**Instructions for the task**
Should a line below contain the word "Building", report it.
◇ ◇ ◇ ◇
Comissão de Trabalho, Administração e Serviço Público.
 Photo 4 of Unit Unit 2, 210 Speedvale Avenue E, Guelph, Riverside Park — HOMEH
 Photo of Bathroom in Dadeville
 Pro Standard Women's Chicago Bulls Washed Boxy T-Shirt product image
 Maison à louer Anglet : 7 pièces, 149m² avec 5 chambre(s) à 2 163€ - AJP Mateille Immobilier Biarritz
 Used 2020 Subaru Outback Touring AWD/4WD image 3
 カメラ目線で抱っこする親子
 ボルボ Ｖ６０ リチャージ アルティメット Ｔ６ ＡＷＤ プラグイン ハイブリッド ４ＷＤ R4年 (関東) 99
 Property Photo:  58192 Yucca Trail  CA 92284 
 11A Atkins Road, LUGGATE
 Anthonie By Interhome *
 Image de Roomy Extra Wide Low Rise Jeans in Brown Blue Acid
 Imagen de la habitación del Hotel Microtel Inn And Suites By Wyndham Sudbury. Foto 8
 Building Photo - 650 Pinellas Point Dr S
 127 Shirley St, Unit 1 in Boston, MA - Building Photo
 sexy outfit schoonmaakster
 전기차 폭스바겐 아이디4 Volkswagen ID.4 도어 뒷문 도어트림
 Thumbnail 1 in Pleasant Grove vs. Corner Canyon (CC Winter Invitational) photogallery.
◇ ◇ ◇ ◇
**Solution below**
 Building Photo - 650 Pinellas Point Dr S
 127 Shirley St, Unit 1 in Boston, MA - Building Photo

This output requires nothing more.